Ing Wong-Ward, a CBC journalist and tireless fighter for the rights of disabled Canadians, died Saturday from complications of colon cancer.
Her husband, Tim, who was at her side, said Wong-Ward, who was 46, died peacefully.
“She was an exceptional person; a wonderful wife, mother, colleague and friend to so many, as well as a powerful force in the disabled community,” Tim Wong-Ward wrote on both Facebook and Twitter.
“She was the strongest person I have ever known, right to the very end.”
Ing Wong-Ward was a journalism and broadcasting mainstay for 23 years at CBC-TV and CBC Radio, mentoring scores of young journalists along the way.

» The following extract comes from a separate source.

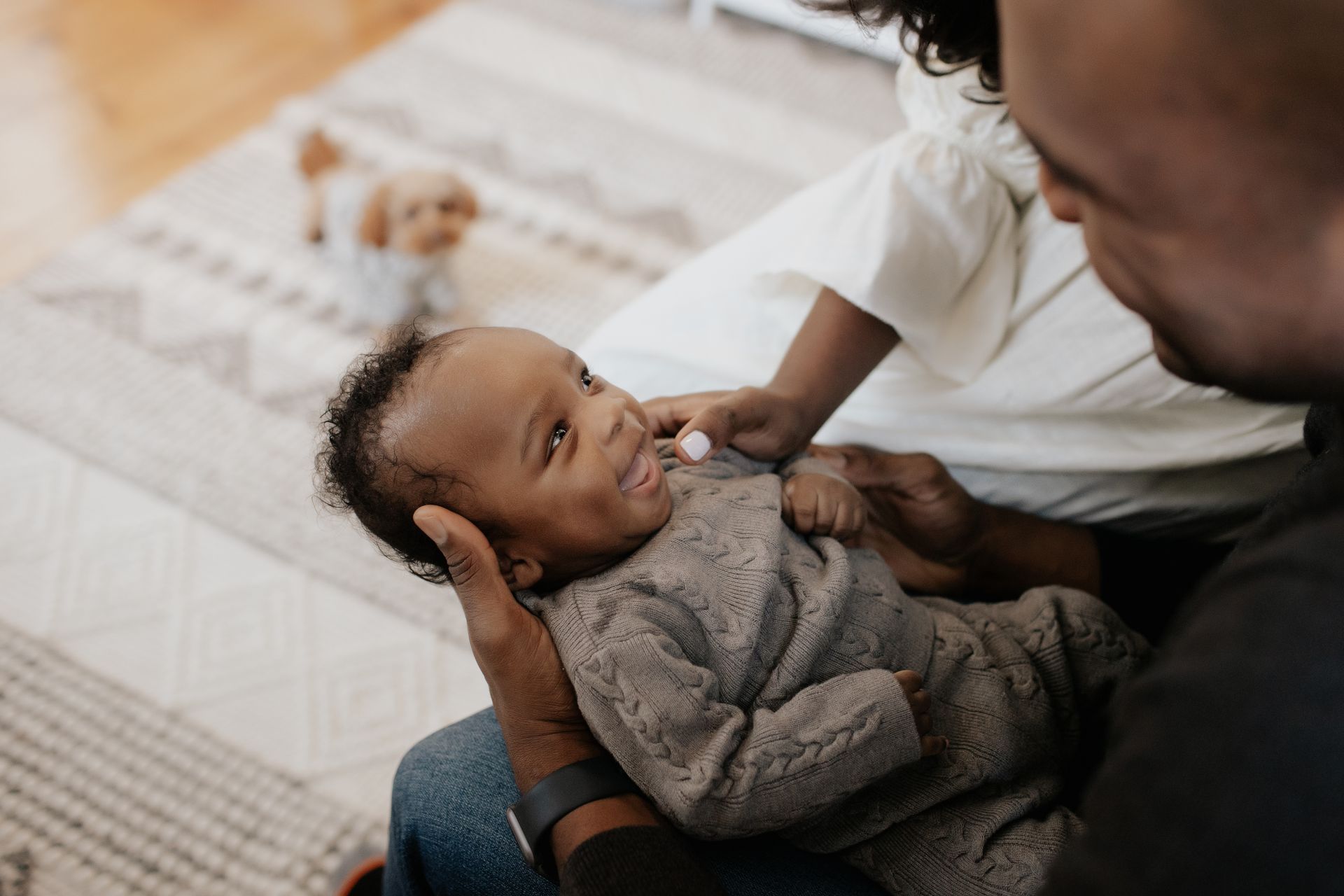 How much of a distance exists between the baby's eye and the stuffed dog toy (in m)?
1.01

She worked behind the scenes and as a host on The Disability Network; as a researcher and producer for Newsworld; and produced stories for the flagship nightly news program The National.

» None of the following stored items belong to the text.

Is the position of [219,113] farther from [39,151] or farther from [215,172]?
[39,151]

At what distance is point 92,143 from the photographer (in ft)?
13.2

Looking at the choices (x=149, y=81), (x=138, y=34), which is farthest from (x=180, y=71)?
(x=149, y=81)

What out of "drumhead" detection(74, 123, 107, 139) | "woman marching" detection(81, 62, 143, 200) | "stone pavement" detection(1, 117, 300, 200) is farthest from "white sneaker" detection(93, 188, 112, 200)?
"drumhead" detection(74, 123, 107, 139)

She also spent 15 years with CBC Radio, much of it in the CBC Toronto newsroom, where she was a producer with Metro Morning, Here & Now and Fresh Air.

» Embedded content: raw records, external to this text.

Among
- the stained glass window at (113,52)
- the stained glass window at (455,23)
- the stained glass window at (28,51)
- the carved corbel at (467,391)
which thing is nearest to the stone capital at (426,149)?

Through it all, she refused to call attention to herself and loathed being referred to as “inspirational” or “brave.”
“The reality is every one of us is a mortal human bring with human bodies and will have to face something,” she said in a 2018 interview with Metro Morning.
Wong-Ward, who joined CBC in 1993 after earning a journalism degree from Ryerson University, left the corporation in 2016 to become associate director at The Centre for Independent Living in Toronto.
In 2017, she was diagnosed an inoperable form of colon cancer
Presented with the option of a medically-assisted death, she chose to enter palliative care because, she explained, she didn’t want to miss a moment with her young daughter, Zhenmei.